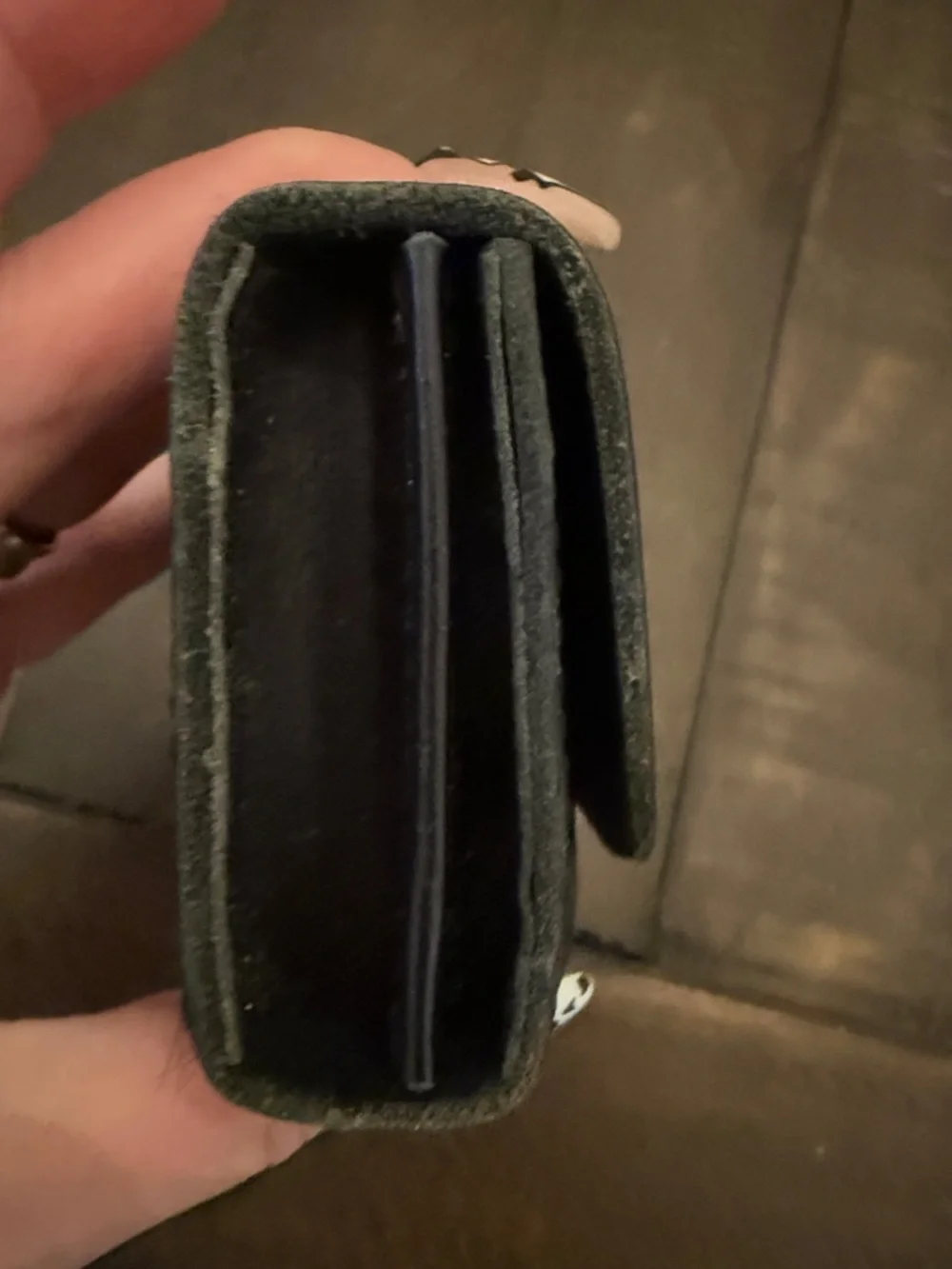 Jeserie & Company Black Leather Wallet with Embossed Logo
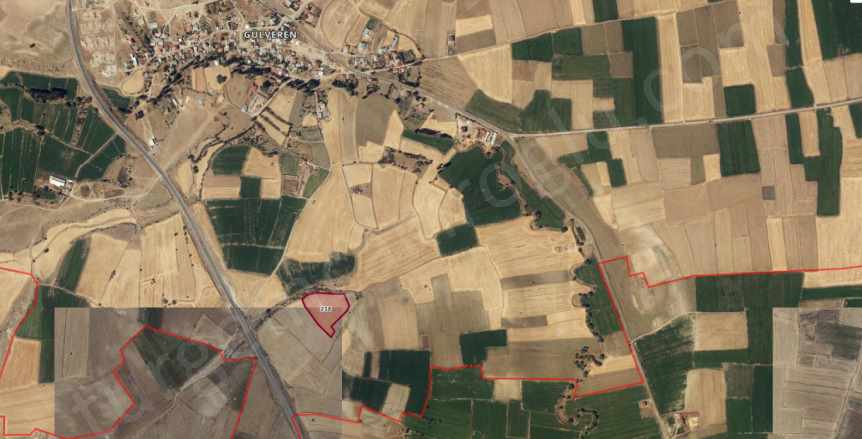 Tomarza Gülveren Satılık Tarla 13 Bin 500 M2 Tek Tapu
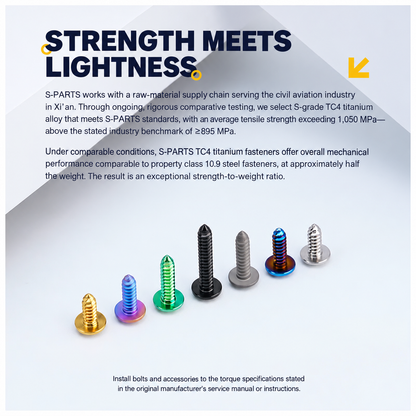 SPARTS M6 Titanium Flanged Button Head Self-Tapping Bolt D13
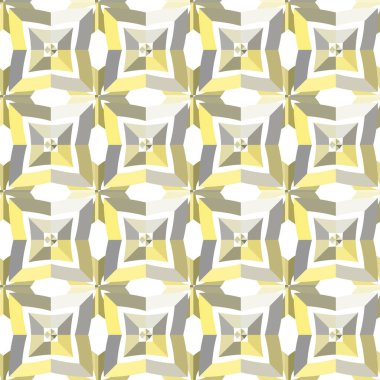 Modern geometrik vektör tasarımı, kusursuz desen çizimi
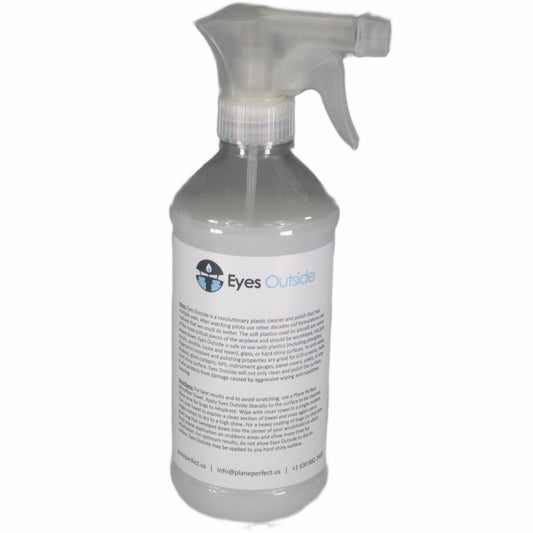 Plane Perfect Eyes Outside Windshield Cleaner Spray 16oz Plastic Glass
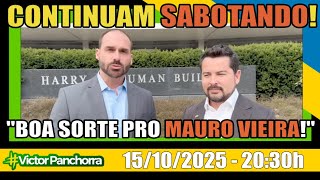 EDUARDO BOLSONARO E PAULO FIGUEIREDO CONTINUAM AGINDO COM O GOVERNO TRUMP PARA SABOTAR O BRASIL!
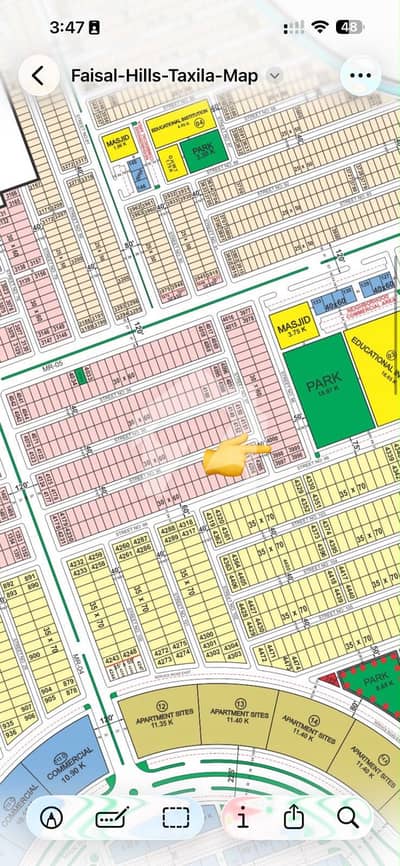 Faisal Hills A Bloc 7 Marla Top Location Solid Plot Available For Sale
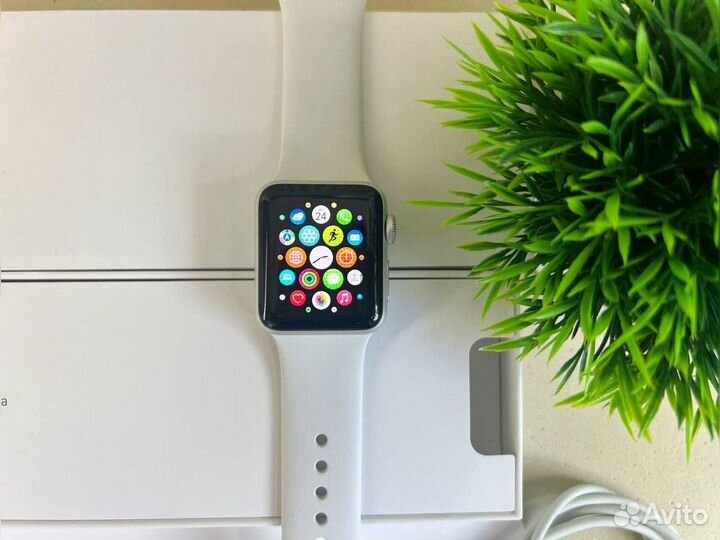 Часы apple watch 3 38 mm акб 100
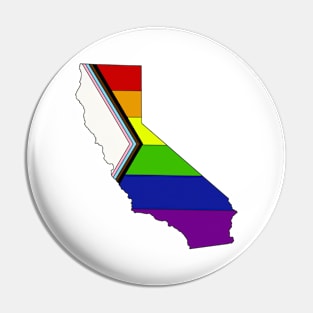 progress pride flag - California Pin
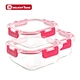 glass food container with lid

◆ **Work request**:
Word for word, reproduce the listing above; no image should be carried over.

◆ **Solution**:
 Jeserie & Company Black Leather Wallet with Embossed Logo
 Tomarza Gülveren Satılık Tarla 13 Bin 500 M2 Tek Tapu
 SPARTS M6 Titanium Flanged Button Head Self-Tapping Bolt D13
 Modern geometrik vektör tasarımı, kusursuz desen çizimi
 Plane Perfect Eyes Outside Windshield Cleaner Spray 16oz Plastic Glass
 EDUARDO BOLSONARO E PAULO FIGUEIREDO CONTINUAM AGINDO COM O GOVERNO TRUMP PARA SABOTAR O BRASIL!
 Faisal Hills A Bloc 7 Marla Top Location Solid Plot Available For Sale
 Часы apple watch 3 38 mm акб 100
 progress pride flag - California Pin
 glass food container with lid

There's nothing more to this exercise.